2) Leonardo Sciascia não perde oportunidade de citar Stendhal como um dos escritores favoritos e, no interior de sua obra, singularizar precisamente as Crônicas italianas. Não apenas o estilo de Sciascia se esforça para se aproximar daquele de Stendhal; no que diz respeito às Crônicas, todo o esforço de coleta, exposição, edição e narração de um material de difícil acesso por parte de Stendhal é deliberadamente resgatado por Sciascia: também ele pinça a história pitoresca e, no interior dela, um conjunto de detalhes reveladores; também Sciascia, seguindo Stendhal, faz referência com frequência ao preconceito dos historiadores a certos eventos "menores" (sobretudo histórias de tribunal, como em 1912+1 ou Portas abertas, de Sciascia, e boa parte das Crônicas de Stendhal - por essa perspectiva, a deriva que Carlo Ginzburg inaugura com Menocchio em 1976 é decisiva).

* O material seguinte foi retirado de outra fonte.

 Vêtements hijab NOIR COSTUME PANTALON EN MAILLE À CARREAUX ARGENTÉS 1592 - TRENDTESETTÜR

3) Sebald, como grande leitor que era, reconhecia essa afinidade decisiva entre Sciascia e Stendhal, fazendo uso desse conjunto complexo de elementos (arquivo, estilo, micro-história) em sua própria poética. Certamente não é por acaso que Sebald posicione no mesmo livro (Vertigem, de 1990) narrativas que incorporam tanto Sciascia quanto Stendhal - Sebald era diabolicamente atento às lições subterrâneas da montagem, ou seja, aquele lampejo de sentido que irrompe do atrito entre dois corpos estranhos. Sebald também une as duas narrativas (e os dois autores) a partir do recurso ao retrato feminino: em Stendhal, Sebald incorpora à narrativa o retrato de uma de suas amantes, Angela Pietragrua; para Sciascia, o narrador faz referência à capa da edição italiana de 1912+1, com uma pintura de Julio Romero de Torres.